Only the lines from the one with "Desktop Screenshot of" to the end of the data, both ends included, should be output, exactly as they stand and without pictures.

======== Extracted material

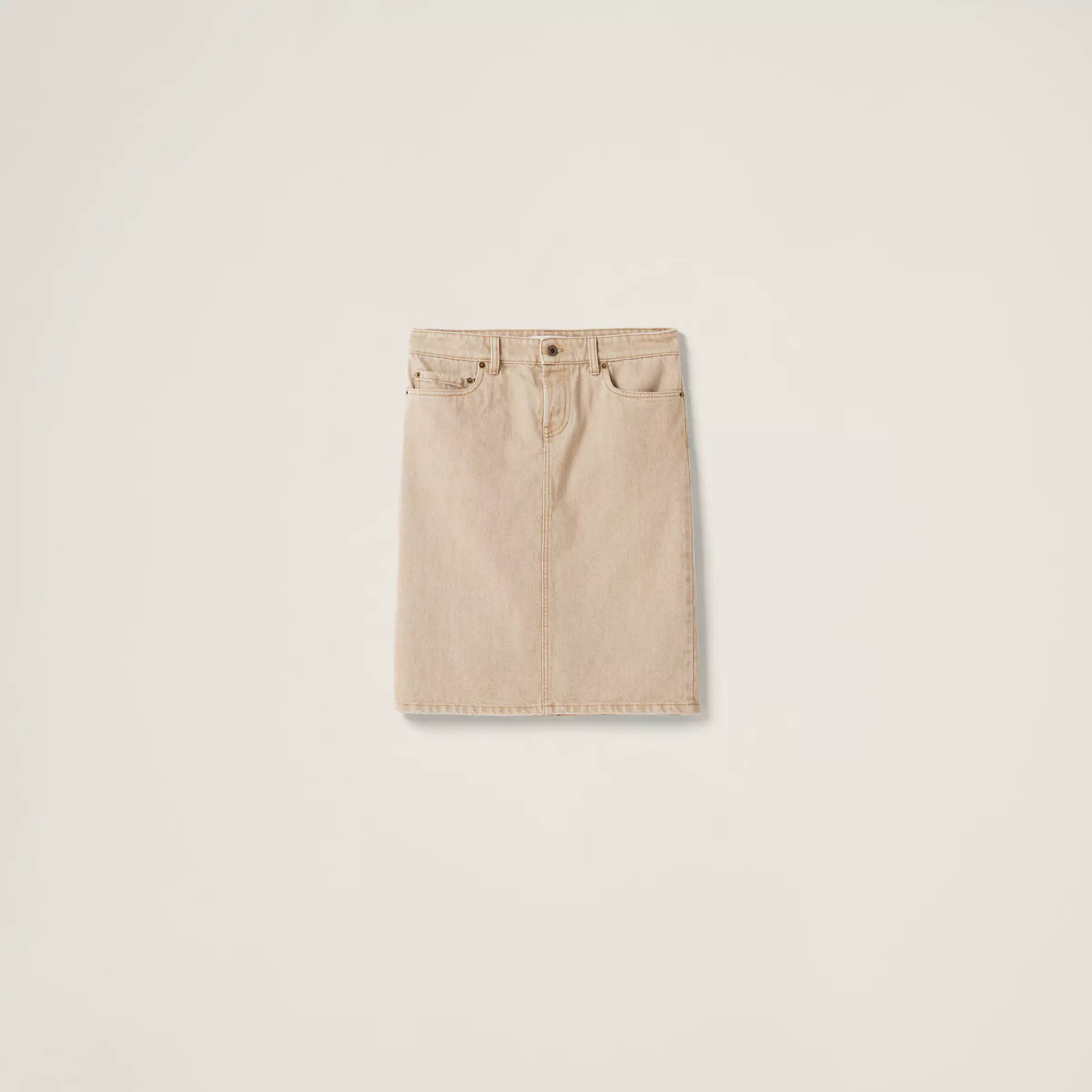Miu Miu Denim Pencil Skirt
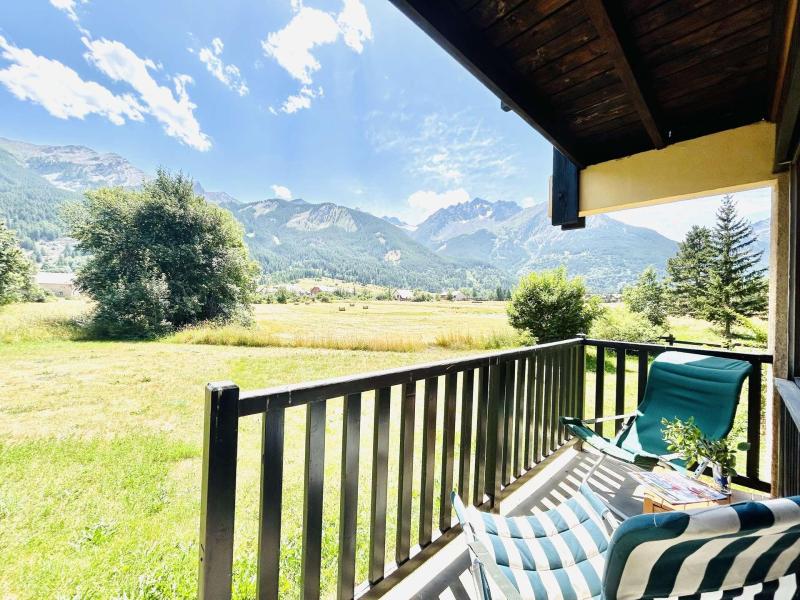 Vacances en montagne Studio coin montagne 4 personnes (15) - Résidence le Clos de l'Etoile - Serre Chevalier - Terrasse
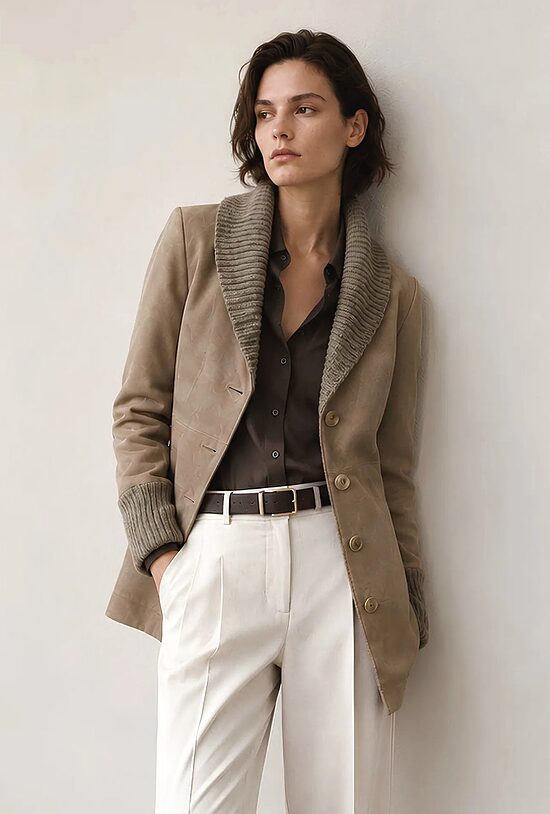 Chaqueta Ante/Wool 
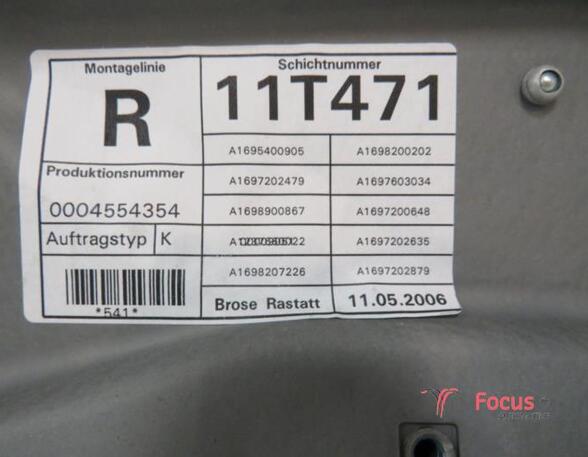 Fensterheber rechts vorne Mercedes-Benz A-Klasse W169 A1695400905 P8975544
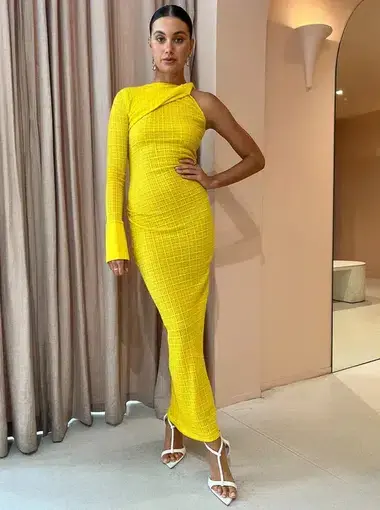 Camilla and Marc Cypress Dress Yellow Size AU 10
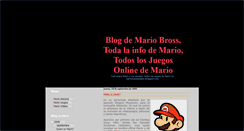 Desktop Screenshot of mariosuperjuegos.blogspot.com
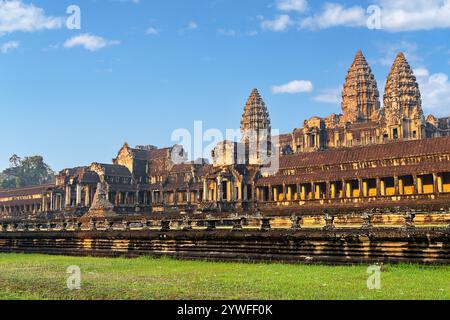 Tempelkomplex von Angkor Wat in Siem Reap, Kambodscha Stockfoto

================

◆ **Response to this exercise**
 Desktop Screenshot of mariosuperjuegos.blogspot.com
 Tempelkomplex von Angkor Wat in Siem Reap, Kambodscha Stockfoto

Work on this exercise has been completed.